The FDA on Wednesday announced the approval of Johnson & Johnson's new dermal filler, Evolence, for the correction of moderate to deep facial wrinkles and folds, such as nasolabial folds.
The new collagen-based structural dermal filler has been available in Canada, Europe, Israel, South Korea, and Russia since 2004. It will be introduced in the US during the second half of 2008.
The company says Evolence is made from “naturally sourced" porcine collagen — translation: it’s made from pig tendons. The filler is based on Glymaterix technology, which is cross-linked with collagen using the natural sugar, D-Ribose.
Notably, this dermal filler does not require a pre-test and, according to the company, delivers immediate results.
Barry AS Lycka, MD, an Alberta, Canada-based derm, has used the filler, which is not broken down by the body as quickly as bovine collagen, for around one year. "I have Evolence patients who are holding up beautifully after six months," he said in an interview with Plasticsurgery.com. "We know from testing that Evolence lasts at least six months; I suspect it may last a year or two and then slowly break down."

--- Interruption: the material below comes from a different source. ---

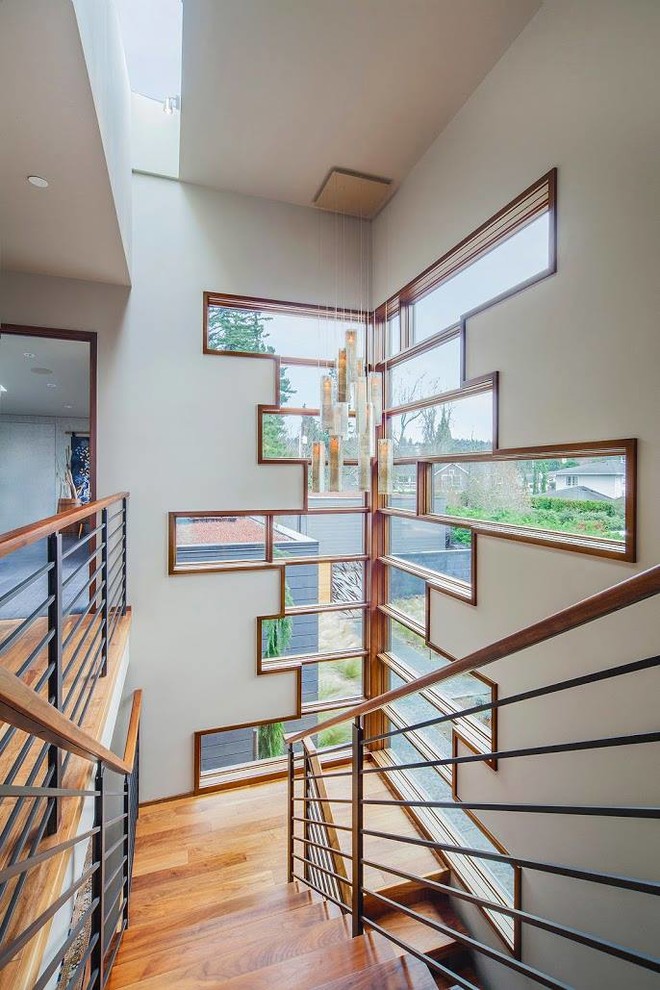 Imagen de escalera en U contemporánea con escalones de madera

Lycka says the best use for Evolence is in reducing the nasolabial folds, in the lips, and under under the eyes; an area that tends to become hollow and darken with age.
Johnson & Johnson is the first of the old-line big pharma players to get into the dermal-filler business in the US, according to a report in the Wall Street Journal.
Evolence was developed by ColBar LifeScience, an Israeli company J&J bought two years ago. The Aesthetics Group of OrthoNeutrogena, a division of Ortho-McNeil-Janssen Pharmaceuticals, Inc., will market this product in the US.